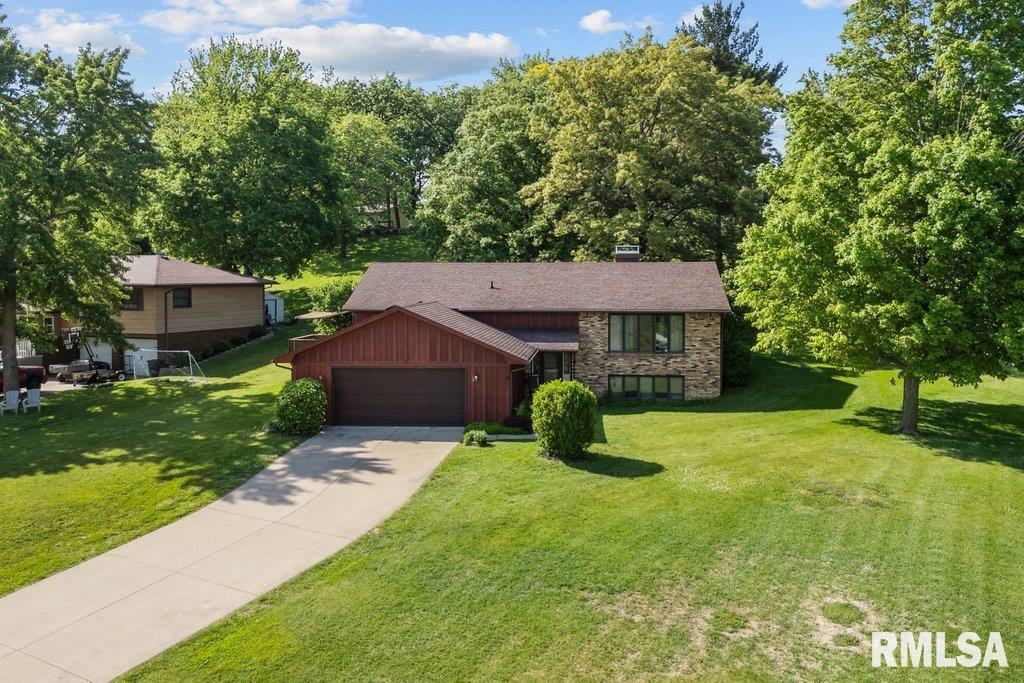 440 Center Dr, Geneseo, IL 61254 - view of front facade featuring a garage, concrete driveway, board and batten siding, a front lawn, and stone siding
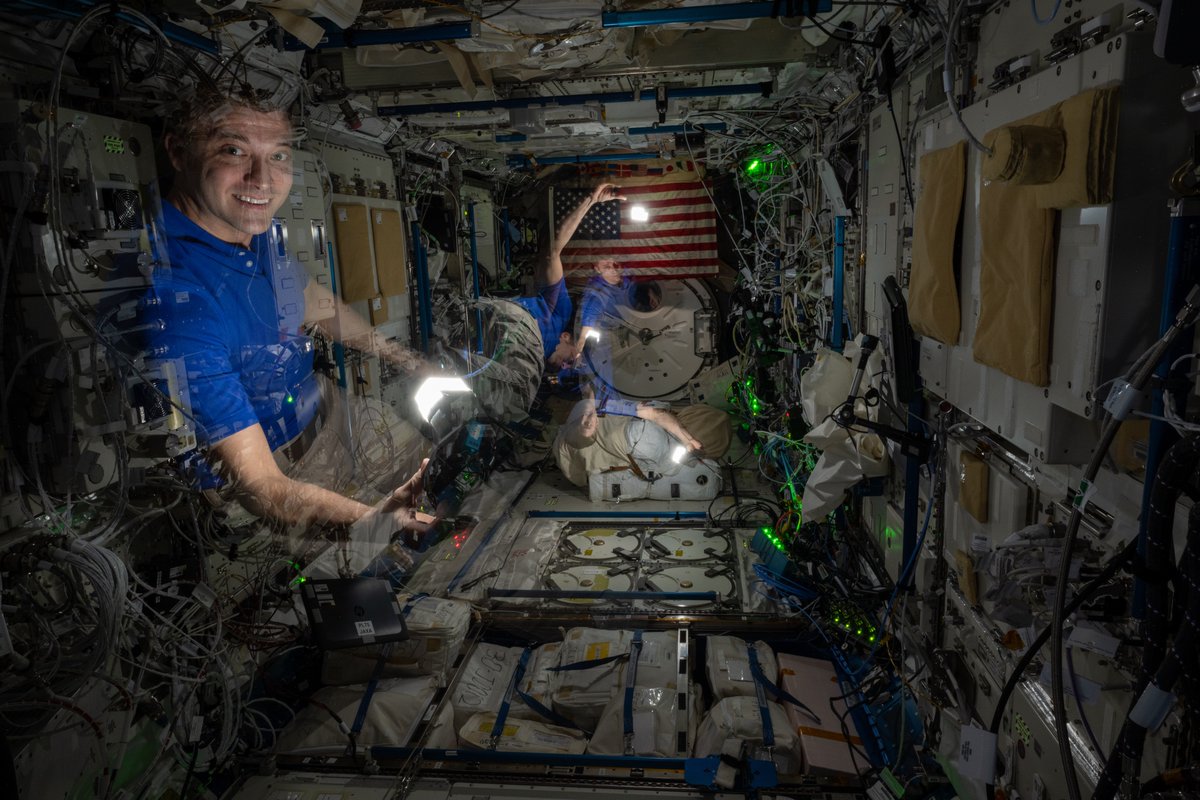 Una pila de fotografías de Matthew Dominick que muestran varias imágenes fantasmales de sí mismo en un módulo oscuro de la estación espacial.  detrás hay una bandera americana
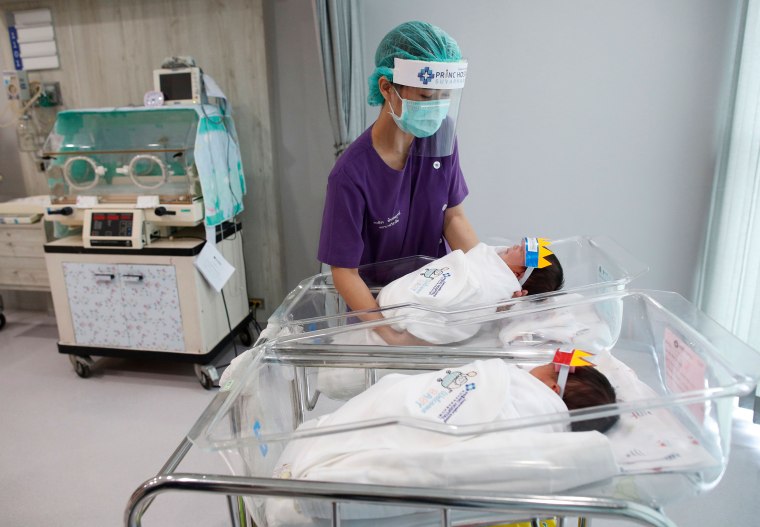 Newborn baby wear face shield to prevent the COVID-19 coronavirus pandemic, Samut Prakan, Thailand - 08 Apr 2020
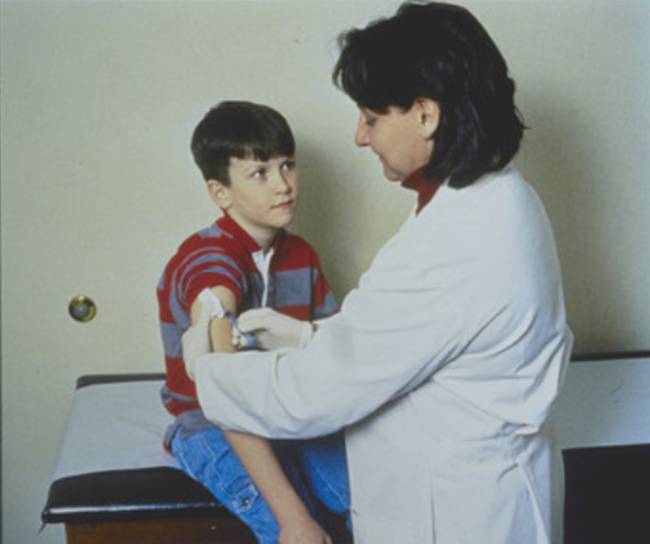 doctor holding patients right arm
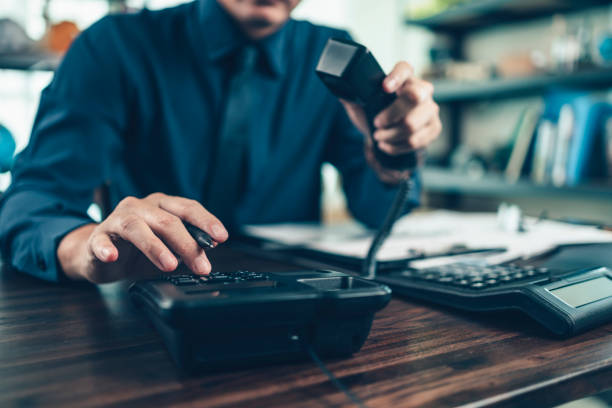 hombre de negocios marcando teléfono de escritorio en la oficina. marcación telefónica, contacto y atención al cliente. - marcar usar el teléfono fotografías e imágenes de stock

§ **WORK TO BE COMPLETED**
Please repeat everything in the data above except the pictures, exactly as it reads.

§ **ANSWER**
 440 Center Dr, Geneseo, IL 61254 - view of front facade featuring a garage, concrete driveway, board and batten siding, a front lawn, and stone siding
 Una pila de fotografías de Matthew Dominick que muestran varias imágenes fantasmales de sí mismo en un módulo oscuro de la estación espacial.  detrás hay una bandera americana
 Newborn baby wear face shield to prevent the COVID-19 coronavirus pandemic, Samut Prakan, Thailand - 08 Apr 2020
 doctor holding patients right arm
 hombre de negocios marcando teléfono de escritorio en la oficina. marcación telefónica, contacto y atención al cliente. - marcar usar el teléfono fotografías e imágenes de stock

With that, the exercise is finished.